# Riemann integrability

• Dec 6th 2009, 06:07 PM
thaopanda
Riemann integrability
Decide which of the functions $f_n$ : [0,1] $\rightarrow$ R with n = 0,1,2, defined by setting:

$f_n(x)$ :=
$(x^n)sin(\frac{1}{2}$ if $0 < x \leq 1$
0 if x = 0

are Riemann integrable on [0,1].

• Dec 6th 2009, 09:54 PM
redsoxfan325
Quote:

Originally Posted by thaopanda
Decide which of the functions $f_n$ : [0,1] $\rightarrow$ R with n = 0,1,2, defined by setting:

$f_n(x)$ :=
$(x^n)sin(\frac{1}{2}$ if $0 < x \leq 1$
0 if x = 0

are Riemann integrable on [0,1].

Is that $f_n(x)=x^n\sin\left(\frac{1}{2}\right)
$
?
• Dec 7th 2009, 05:46 AM
thaopanda
yeah, sorry, I forgot the other parenthesis
• Dec 7th 2009, 07:40 AM
redsoxfan325
Quote:

Originally Posted by thaopanda
yeah, sorry, I forgot the other parenthesis

Well $\sin(1/2)$ is just a number. Call it $k$. So you need to know for which n is $f_n(x)=kx^n$ integrable on $[0,1]$.
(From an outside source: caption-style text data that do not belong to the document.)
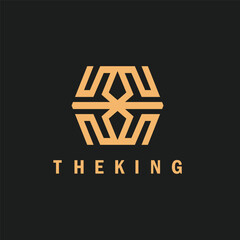 hexagon royal crown logo icon vector concept design template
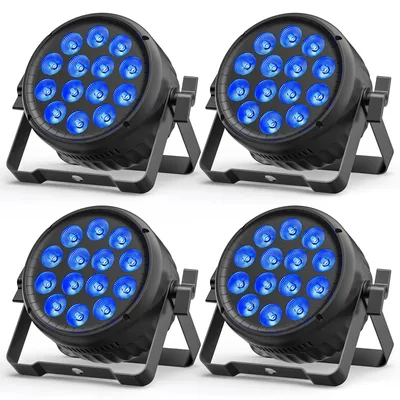 Obrázok produktu pre Sada 4 LED reflektorov – 180 W – RGBW – DMX – Vhodné na pódium a pre DJ – Európska zástrčka – AC 100–240 V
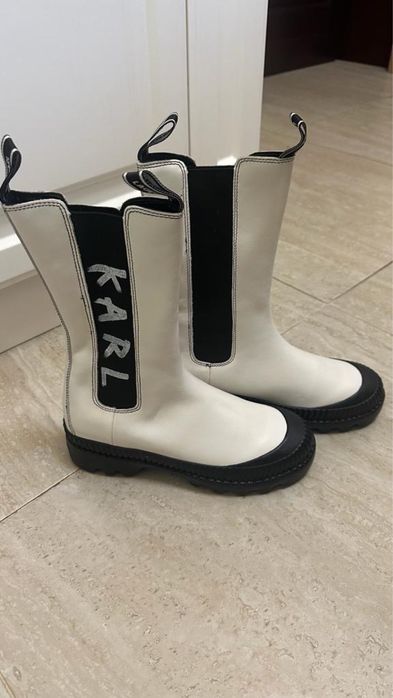 Cizme piele Karl Lagerfeld originale albe noi marime 38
For $n\geq1$, it's continuous and therefore integrable. For $n=0$, you have one removable discontinuity (at $x=0$), so it's also integrable.
• Dec 7th 2009, 07:49 AM
thaopanda
if it was $sin(\frac{1}{x})$, how would that change the problem?
• Dec 7th 2009, 12:12 PM
redsoxfan325
Quote:

Originally Posted by thaopanda
if it was $sin(\frac{1}{x})$, how would that change the problem?

$x^n\sin(1/x)$ is continuous for all $n\geq1$. If $n=0$, the function is still continuous on $(0,1]$ and is therefore integrable.